#### Problem requirements:
Could the records be returned exactly, with the pictures left out?

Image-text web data
== Segment start ==

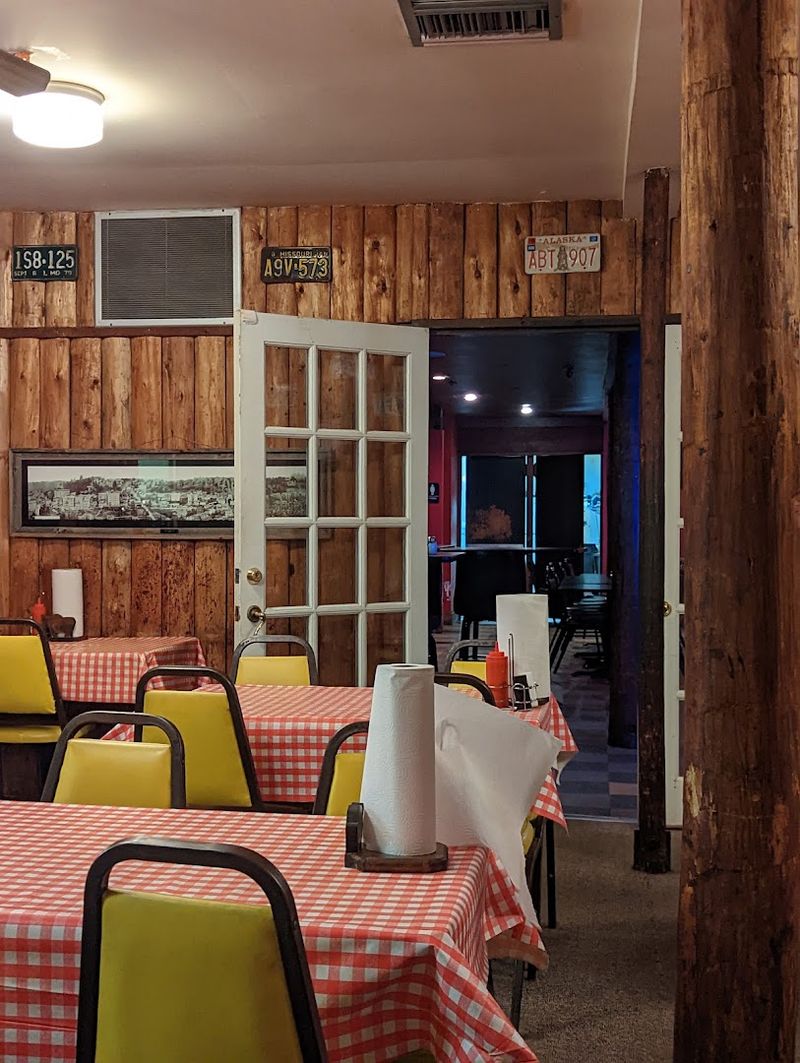 Full Southern Barbecue Experience From Start To Finish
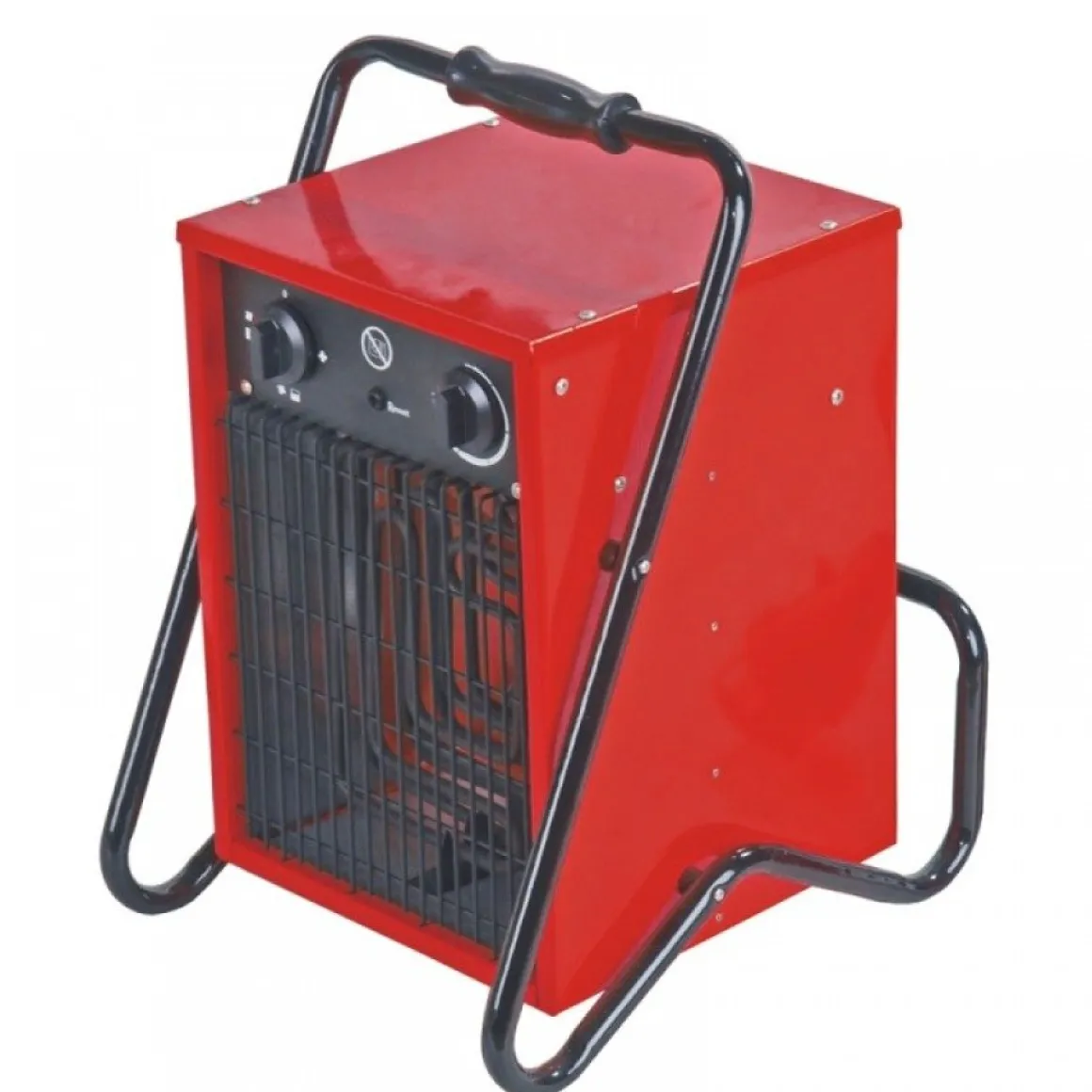 DEDRA DED9922 NAGRZEWNICA ELEKTRYCZNA PIEC DMUCHAWA 5KW EWIMAX OFICJALNY DYSTRYBUTOR - AUTORYZOWANY DEALER DEDRA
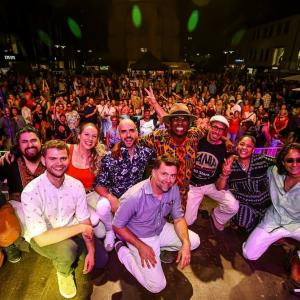 Band Latin Spirit aus Stuttgart - Bild 1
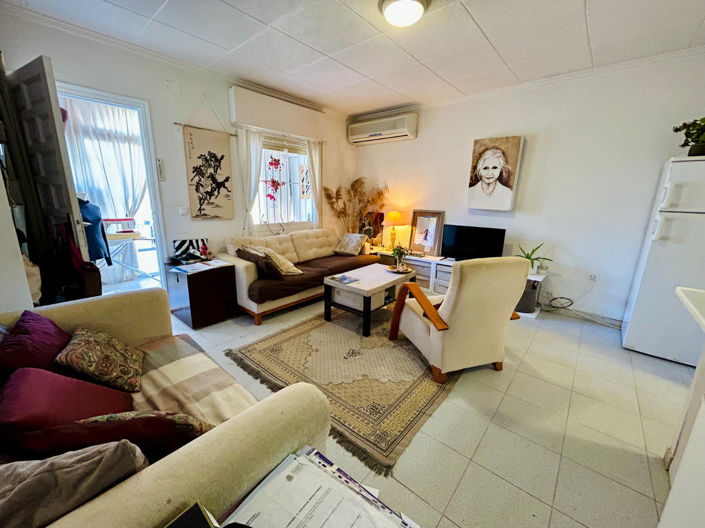 Image No.9-Propriété de 1 chambre à vendre à Torrevieja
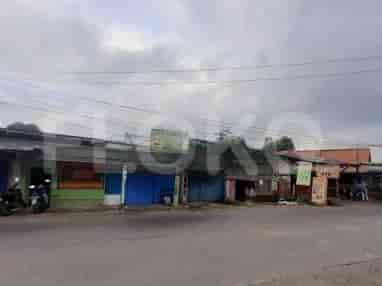 Dijual Tanah Luas 2100 m2 di Jl Raya KH Agus Salim, Bekasi Timur - TNS1b6 1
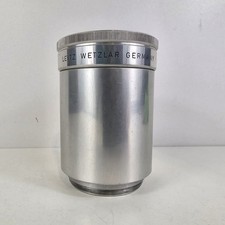 Leitz Wetzlar Germany Elmaron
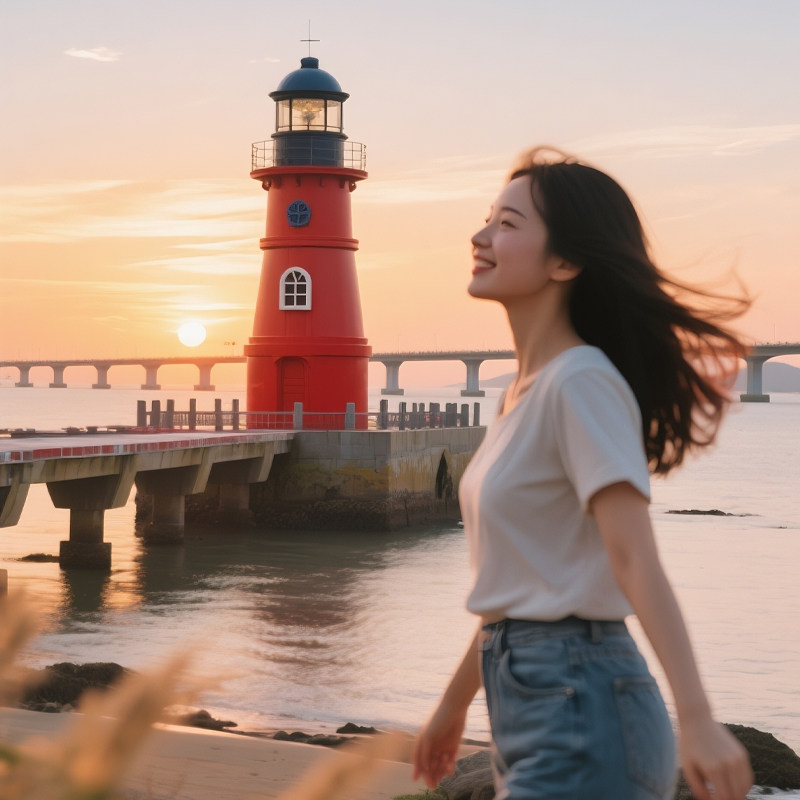 潮汕旅游 汕头南澳岛2日游2-6人团 住南澳酒店/本地向导/纯玩包车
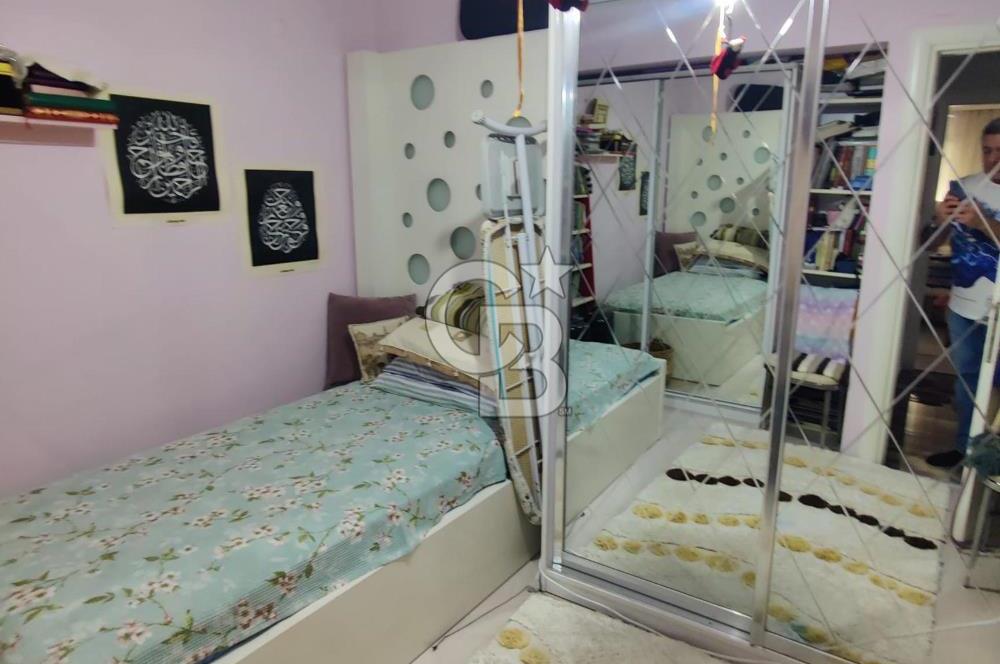 BASIN SİTESİ SATILIK DAİRE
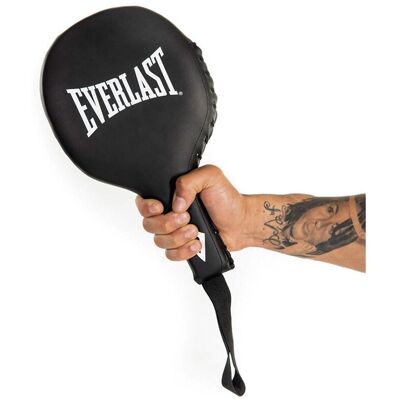 Everlast Paddle boxeo core black . Negro Everlast Paddle boxeo core black . Negro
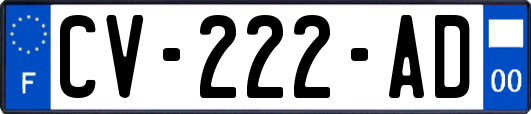 CV-222-AD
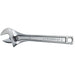 Powerbuilt 644043HS 300mm/12in Adjustable Wrench — TradeRoots NZ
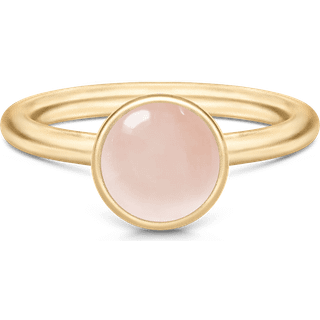 Primini Ring Milky Rose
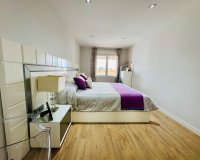 Resale - Apartment -
Pilar de la Horadada - Zona Pueblo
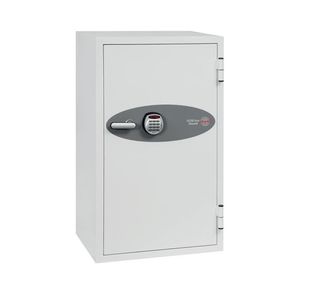 Phoenix Data Combi Fire Safe White DS2504E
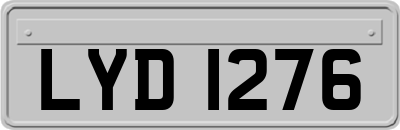 LYD1276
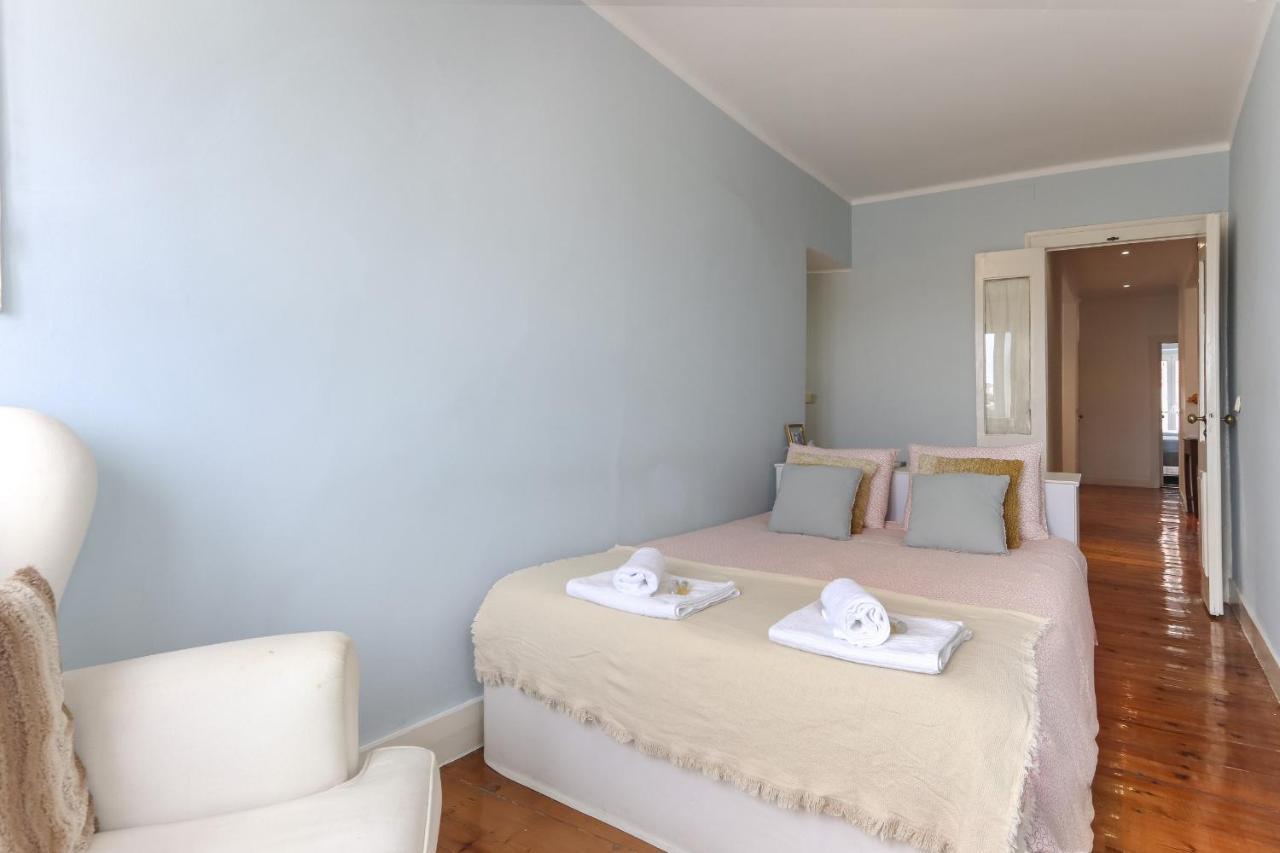 Chiado Views By Homing Apartment Lisbon Exterior photo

== Segment end ==

#### Your response:
 Full Southern Barbecue Experience From Start To Finish
 DEDRA DED9922 NAGRZEWNICA ELEKTRYCZNA PIEC DMUCHAWA 5KW EWIMAX OFICJALNY DYSTRYBUTOR - AUTORYZOWANY DEALER DEDRA
 Band Latin Spirit aus Stuttgart - Bild 1
 Image No.9-Propriété de 1 chambre à vendre à Torrevieja
 Dijual Tanah Luas 2100 m2 di Jl Raya KH Agus Salim, Bekasi Timur - TNS1b6 1
 Leitz Wetzlar Germany Elmaron
 潮汕旅游 汕头南澳岛2日游2-6人团 住南澳酒店/本地向导/纯玩包车
 BASIN SİTESİ SATILIK DAİRE
 Everlast Paddle boxeo core black . Negro Everlast Paddle boxeo core black . Negro
 CV-222-AD
 Powerbuilt 644043HS 300mm/12in Adjustable Wrench — TradeRoots NZ
 Primini Ring Milky Rose
 Resale - Apartment -
Pilar de la Horadada - Zona Pueblo
 Phoenix Data Combi Fire Safe White DS2504E
 LYD1276
 Chiado Views By Homing Apartment Lisbon Exterior photo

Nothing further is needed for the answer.